Besluit vast te stellen:

de burgemeestersinstructie openbare inrichtingen behorende bij hoofdstuk 2, paragraaf 3 en 3a van de Algemene Plaatselijke Verordening Rotterdam

Artikel 1 Procedure behandeling aanvragen exploitatievergunning

  • 1. Aanvragen voor het verkrijgen van een exploitatievergunning als bedoeld in artikel 2.3.2 van de Algemene Plaatselijke Verordening Rotterdam worden om advies voorgelegd aan:

    • a.

      de deelgemeente waarbinnen de inrichting is gelegen, dan wel de Centrumraad of de wijkraad voor Pernis indien de inrichting daar gelegen is;

    • b.

      het politiedistrict waarbinnen de inrichting is gelegen;

    • c.

      de bewonersorganisatie(s) van het gebied waarbinnen de inrichting is gelegen;

    • d.

      de dienst Stedebouw en Volkshuisvesting;

    • e.

      de Brandweer Rotterdam;

    • f.

      de dienst Gemeentewerken, indien het tevens een aanvraag voor de ingebruikname van een terras betreft.

  • 2. De aanvraag voor het verkrijgen van een exploitatievergunning wordt ter kennisgeving toegezonden aan de DCMR Milieudienst Rijnmond.
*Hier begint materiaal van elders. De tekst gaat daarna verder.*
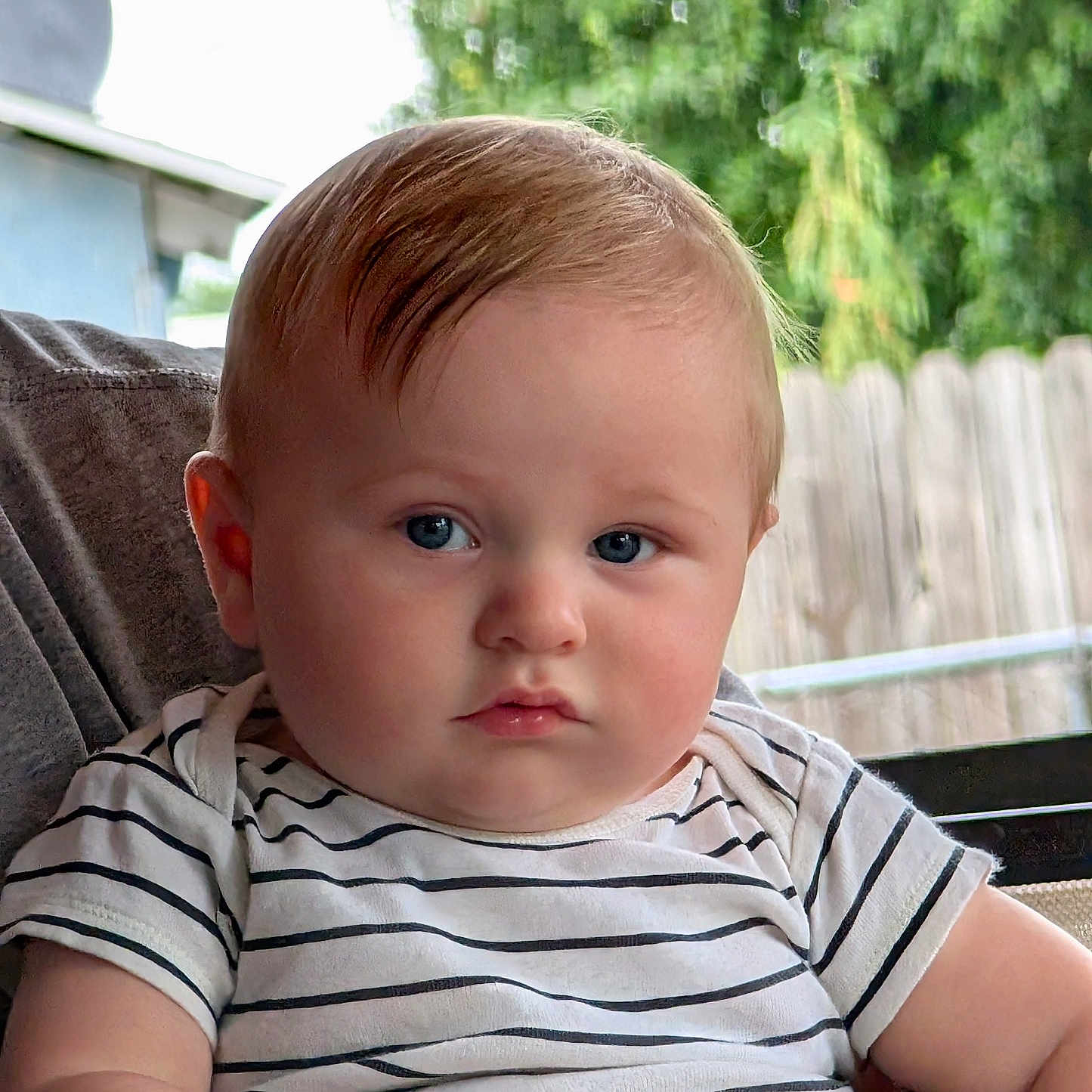 Mason is registered to the contest to win money with this photo: arm, baby, blue_eyes, casual, child, chubby_cheeks, cute, daylight, fence, greenery, infant, outdoor, person, portrait, relaxed, short_hair, sitting, skin, striped_shirt, tattoo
  • 3. De in het eerste lid genoemde adviserende instanties brengen hun advies uiterlijk binnen twee weken na ontvangst van de adviesaanvraag. Indien het advies negatief luidt, wordt het gemotiveerd. Wordt binnen de genoemde termijn geen advies uitgebracht, dan wordt ervan uitgegaan dat er geen behoefte bestaat om advies uit te brengen.

Artikel 2 Procedure behandeling aanvragen nachtontheffing of ochtendontheffing

  • 1. De aanvraag voor het verkrijgen van een nachtontheffing of ochtendontheffing wordt om advies voorgelegd aan:

    • a.

      de deelgemeente waarbinnen de inrichting is gelegen, dan wel de Centrumraad of de wijkraad voor Pernis indien de inrichting daar gelegen is;

    • b.

      het politiedistrict waarbinnen de inrichting is gelegen;

    • c.

      de bewonersorganisatie(s) van het gebied waarbinnen de inrichting is gelegen;

    • d.

      de DCMR Milieudienst Rijnmond, voor zover dit van toepassing is.
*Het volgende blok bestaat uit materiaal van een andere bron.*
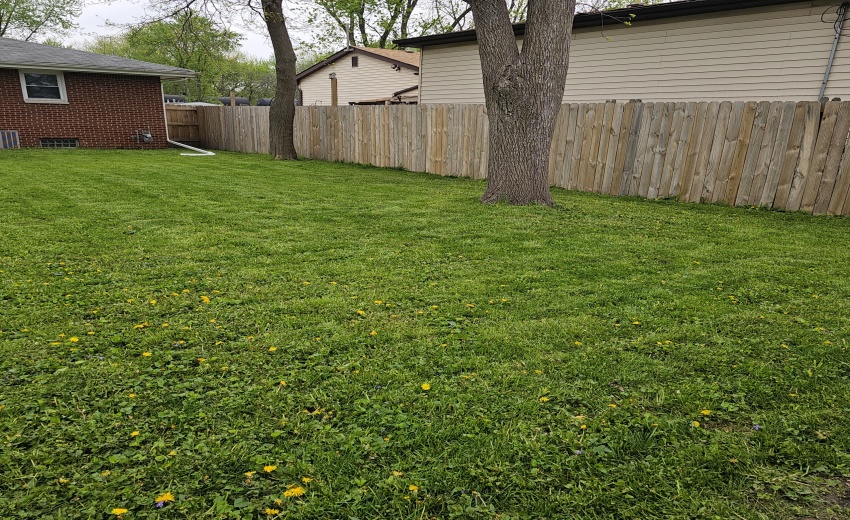 back yard - north side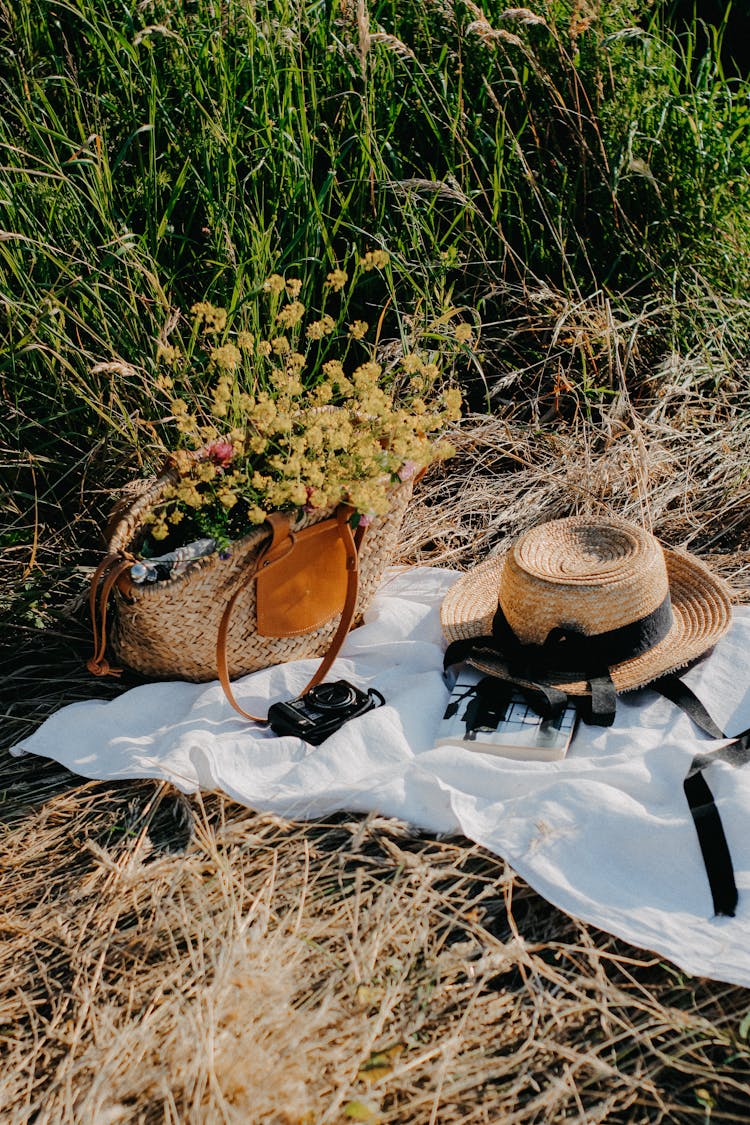 Hat, Camera And Bag With Flowers On Picnic Blanket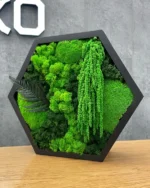 Hexagonal moss art with fern in a black wooden frame, standing on a wooden table against a gray wall.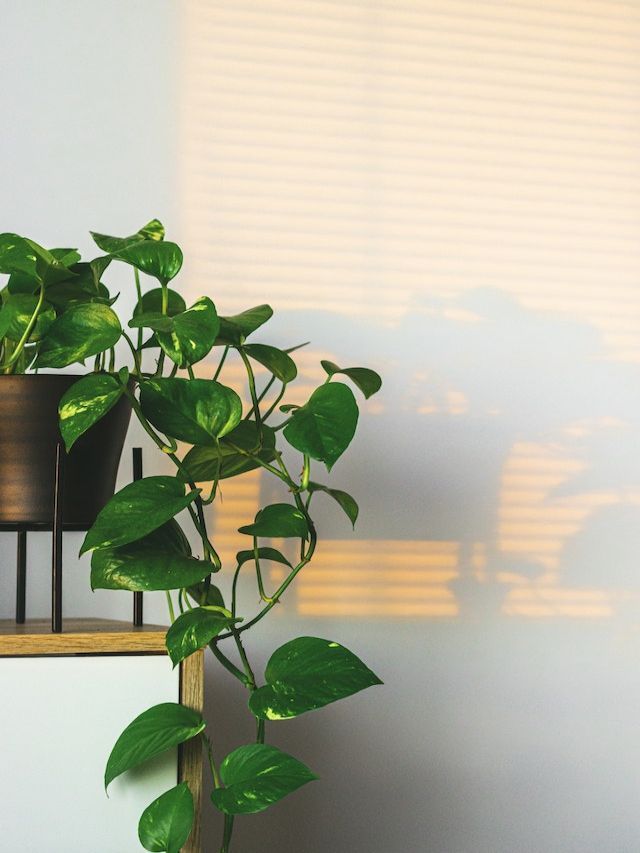 Simple Ways To Propagate Money Plant At Home simple-ways-to-propagate-money-plant-at-home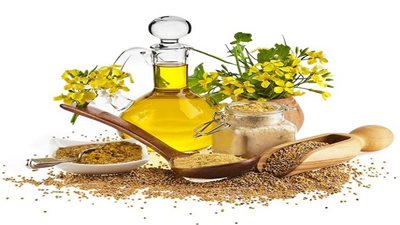 تعرف على الفوائد الصحية والجمالية لزيت الخردل 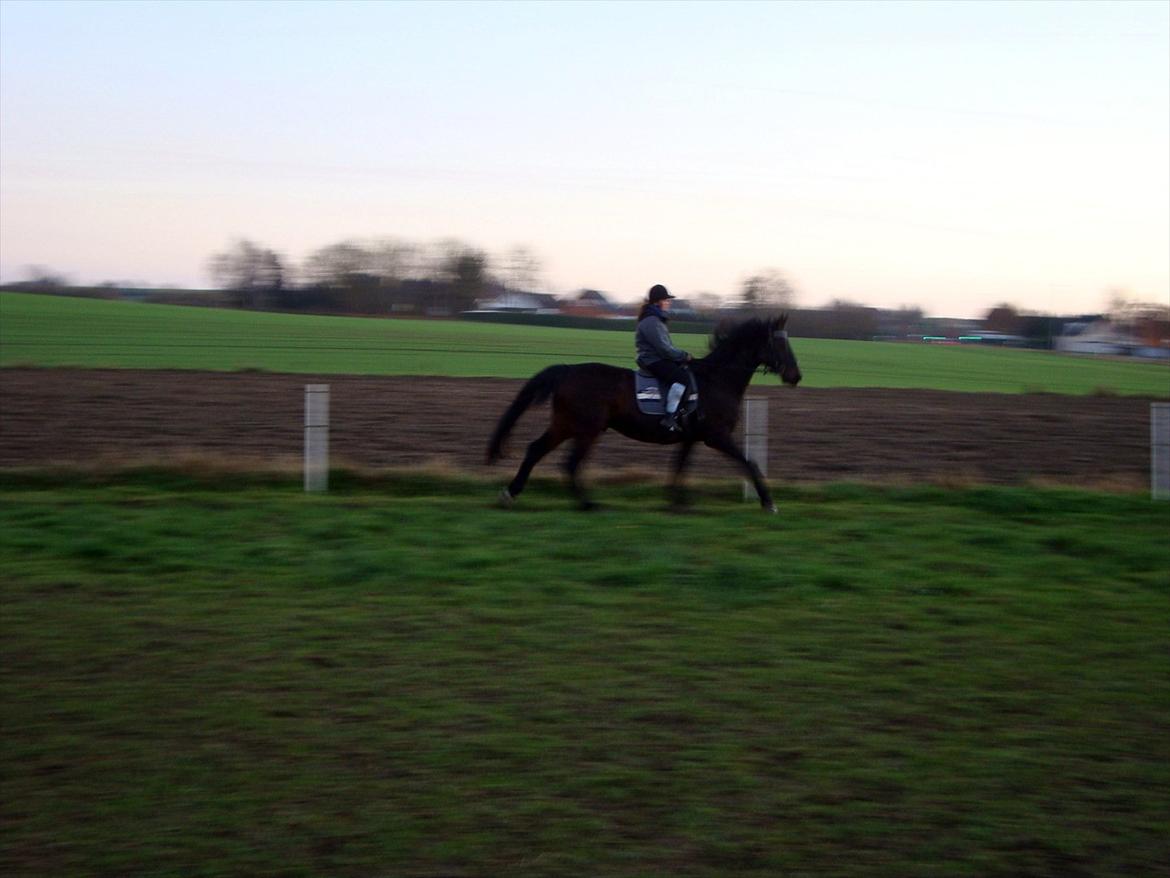 Anden særlig race Teglgårdens Farengo billede 17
  • 2. De in het eerste lid genoemde adviserende instanties brengen hun advies uit binnen twee weken na ontvangst van de adviesaanvraag. Indien het advies negatief luidt, wordt het gemotiveerd. Wordt binnen de genoemde termijn geen advies uitgebracht, dan wordt ervan uitgegaan dat er geen behoefte bestaat om advies uit te brengen.

Artikel 3 Procedure behandeling aanvragen voor een vergunning voor een seksinrichting of escortbedrijf

  • 1. Aanvragen voor het verkrijgen van een vergunning als bedoeld in artikel 2.3a.3 van de Algemene Plaatselijke Verordening Rotterdam worden om advies voorgelegd aan:

    • a.

      de deelgemeente waarbinnen de inrichting is gelegen, dan wel de Centrumraad of de wijkraad voor Pernis indien de inrichting daar gelegen is;

    • b.

      het politiedistrict waarbinnen de inrichting is gelegen;

    • c.

      de bewonersorganisatie(s) van het gebied waarbinnen de inrichting is gelegen;

    • d.

      de dienst Stedebouw en Volkshuisvesting;

    • e.

      de Brandweer Rotterdam;

    • f.

      de afdeling technische hygiëne van de GGD.
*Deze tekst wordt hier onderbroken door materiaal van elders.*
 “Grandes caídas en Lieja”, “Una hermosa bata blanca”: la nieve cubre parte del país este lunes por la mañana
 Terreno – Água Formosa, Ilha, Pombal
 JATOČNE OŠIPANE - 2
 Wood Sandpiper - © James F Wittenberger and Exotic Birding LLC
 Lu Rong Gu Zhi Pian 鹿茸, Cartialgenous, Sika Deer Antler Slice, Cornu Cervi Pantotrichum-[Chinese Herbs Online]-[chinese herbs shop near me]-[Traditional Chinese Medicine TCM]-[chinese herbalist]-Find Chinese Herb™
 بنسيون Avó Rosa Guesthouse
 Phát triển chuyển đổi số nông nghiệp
  • 2. De in het eerste lid genoemde adviserende instanties brengen hun advies uit binnen twee weken na ontvangst van de adviesaanvraag. Indien het advies negatief luidt, wordt het gemotiveerd. Wordt binnen de genoemde termijn geen advies uitgebracht, dan wordt ervan uitgegaan dat er geen behoefte bestaat om advies uit te brengen.

Artikel 4 Slotbepalingen

Dit besluit treedt in werking op de eerste dag na publicatie daarvan in het gemeenteblad.

Artikel 5 Intrekking

De Burgemeestersinstructie horeca 2002 (Gemeenteblad 2002, nummer 64) wordt bij gelijke datum ingetrokken.

Artikel 6 Citeertitel

Dit besluit wordt aangehaald als "Burgemeestersinstructie openbare inrichtingen 2007".

Ondertekening

Aldus vastgesteld op 17 januari 2007.